I'd barely remembered to print the year "2010" properly on my personal checks when the landslide of acquisitions in information management started snowballing. Siperian, Initiate, Savvion, SilverCreek, AmberPoint and a half-dozen other semi-familiar names tumbled across Wall Street into the arms of Informatica, IBM, Progress Software, Oracle etc.

Clearly, Wall Street is feeling upbeat compared to Main Street, but I wouldn't call it a fire sale either. And let's be clear, I'm no financial analyst myself, but I know the usual boardroom drivers for this sort of thing. If Oracle and IBM were thinking about your company specifically when they made these deals, it probably isn't in the way you would have preferred.

The first driver would be maturity consolidation, in which a best-of-breed field has sorted out to a handful of standalone vendors ripe for larger platforms to beef up tentative or incomplete investments in emerging technology areas. In MDM, which has come a long way in a few years, Initiate and Siperian fill this bill for IBM and Informatica respectively in different ways.

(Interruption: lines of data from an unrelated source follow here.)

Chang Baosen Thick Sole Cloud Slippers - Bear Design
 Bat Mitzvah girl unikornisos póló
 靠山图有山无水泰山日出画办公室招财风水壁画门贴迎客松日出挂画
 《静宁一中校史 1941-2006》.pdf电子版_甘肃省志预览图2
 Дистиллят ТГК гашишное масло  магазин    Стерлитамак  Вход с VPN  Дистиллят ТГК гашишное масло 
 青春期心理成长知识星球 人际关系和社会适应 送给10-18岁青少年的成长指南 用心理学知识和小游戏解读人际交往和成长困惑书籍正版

In business process management, Savvion went to Progress to tackle the human to machine side of BPM, something I figured would happen years ago, but a lot of BPM specialists are more tied to intellectual property than big software. Now that services are at the fore you can see why the consulting dollars suddenly looked attractive. (IBM buying Lombardi and Software AG buying IDS Scheer last year also fall into this category.)

In integration, PIM and SOA, it was SilverCreek and AmberPoint going to Oracle with a second driver of customer acquisition also at play.

Customer acquisition and a third usual driver, cross-selling the customer base, falls across all of these deals.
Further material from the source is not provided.